The GOP’s once credible attacks on the president’s record have morphed into an incredible attack on the country’s intelligence. That change is reflected by Obama’s double-digit lead over the GOP field.

While “amber waves of grain” is pretty bad, I thought Romney showing up in Michigan last fall saying, “The trees are the right height. The grass is the right color for this time of year, kind of a brownish-greenish sort of thing. It just feels right,” was as low as pandering could go.

Then he showed up in Detroit a couple of days ago and repeated that the “trees are the right height.”

Hurling out chunks of red meat at a rally is a longstanding practice. Massaging a position to suit the polls, or support the party, is something voters don’t like, but we understand the rationale.

But telling a crowd you love their trees and dead grass? Ridiculous. Source


Romney’s stabs at seeming a regular guy have provided the most painful moments of his campaign. How to come off as a car buff in Michigan? Mention your wife’s Cadillacs. How to be a good ol’ boy at Daytona? Say you’re friends with some of the race car owners. Not since Richard Nixon has a national political leader appeared so excruciatingly ill at ease with the simplest public encounters.

The roots of Romney’s awkwardness are shrouded in mystery. Perhaps, while going door to door in France in quest of converts to Mormonism, he came to believe that encounters with ordinary folks were an ordeal with which God tests the faithful. Certainly, his career in private equity did nothing to prepare him for conversations with actual workers. A good leveraged-buyout operator — and Romney was one of the best — doesn’t sit down with workers to hear their concerns, lest he end up heeding any interest save those of the bottom line. Whatever the reason, Romney’s encounters with ordinary men and women seem fraught with peril and grow steadily more surreal. Source.


When Mitt Romney, in the December 10th Republican debate, shoved out his hand toward Rick Perry and with that icy smile of his said, “I’ll bet you ten thousand dollars,” he did his version of the cock of the walk, and in so doing, I believe, shot himself in the foot.

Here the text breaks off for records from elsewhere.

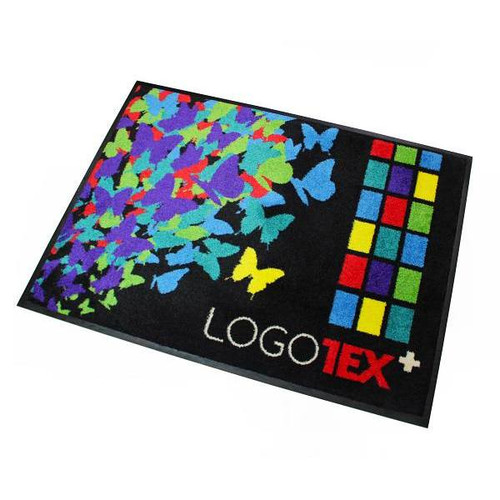 Logotex + Customised Indoor Door Mat With Rubber Backing 3'X12'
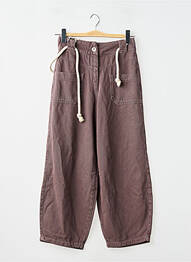 Pantalon droit violet YUGEN femme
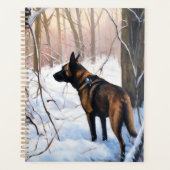 Belgische Malinois Laat het Sneeuwen Kerstmis Planner (Voorkant)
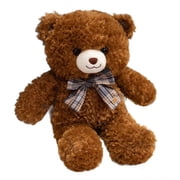 Brown Bear Plush Toy Stuffed Animal With Bow Tie Soft Plush Doll Teddy Bear Comfort Toy For Kids Childrens Companion Gift 13.78 X 5.91 X 3.94 Inches 0.55 Lb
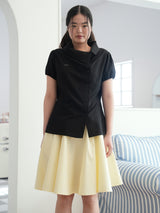 COTTON FLARE SKIRT (LEMON)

While Romney would never admit to it now, his body language and his tone was that of a bully. And in bad economic times a bully of the worst kind, one who uses his great personal wealth to bully others. One day later he was papering over his petulant taunt by saying, “It’s like when two buddies bet each other a million bucks, it’s not meant seriously.” Anyone watching Romney during that debate knows that cover up is a lie.  Source


“You can choose where to focus. You can focus on the very rich; that’s not my focus. You can focus on the very poor; that’s not my focus,” he said, adding, “I’m concerned about the very heart of America, the 90-95 percent of Americans who right now are struggling.”

The incident is just another in a long-list of Romney’s economically offensive remarks, like his assertion that corporations are people, that he enjoys firing people and that he was once unemployed, all of which lend themselves to the popular notion that Mitt Romney is simply out of touch with regular people and perhaps out of touch with all of the human race.

Brian Fung at The Atlantic took this theory one step further and wonders whether Romney’s real problem extends beyond his wallet-centric politics and to his very core. Could it be, Fung muses, that Mitt Romney actually falls into the emotionally dissonant realm known as the “uncanny valley,” in which human-seeming automatons like sex robots or even zombies invoke an unsettling empathy?  Source.